I know. I know. I have been woefully neglectful of this blog for a number of weeks and I apologize. I have no excuses except for laziness and the fact that every writer can only go to the well so often. I have been distracted with actually trying to earn a living . Oh, the burdens of real life!

The Frau and I have just returned from anther sojourn to Mexico. It is, as you know if you read here regularly, one of my favourite places on the planet. (see Missing Mexico)

The Mexican tourism industry has been taking it squarely in the monongalulus for a few years now…a situation that many Mexicans blame on the main stream media and on various American lobbyists intent on keeping local vacation dollars at home. Do I really need to remind people that Mexico is a big, big country with an overwhelmingly friendly population and, despite the violence you hear about in isolated trouble spots, you have a greater chance of being bonked by a coconut than winged by an errant bullet?
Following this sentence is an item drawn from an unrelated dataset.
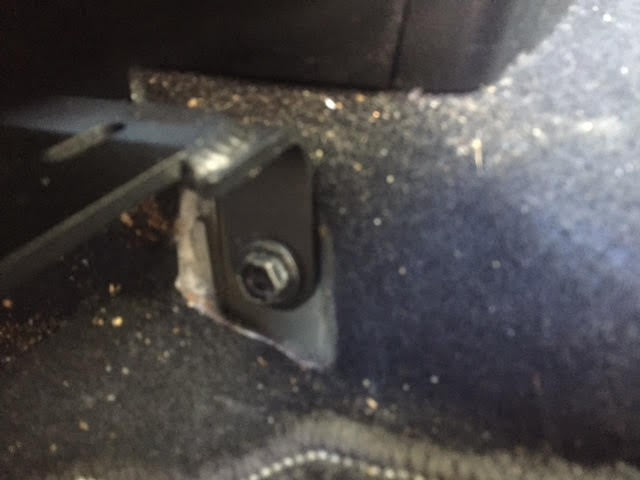 COBRA- Planted Seat Bracket- Toyota Corolla [10th & 11th Generation E140/E150/E160 Chassis] (2006+) - Driver / Left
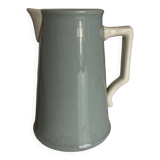 Pichet Sarreguemines Celadon neo classique 1950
I guess I do. And now I have.

Every time we visit Mexico my wife goes on an intense hunt for some undiscoverable object. We know it’ll be a fruitless search but that doesn’t stop us from pounding untold cobblestoned miles in the blazing heat.  One year the quest was for a specific type of sexy sandal. There are a lot of shoe stores in Puerto Vallarta (in every major Mexican city) and we visited them all. We looked at thousands of sexy sandals and each pair lacked some mystical, intangible quality known only to the Frau. This, you learn, is when husbands earn their stripes.

Not the shoes.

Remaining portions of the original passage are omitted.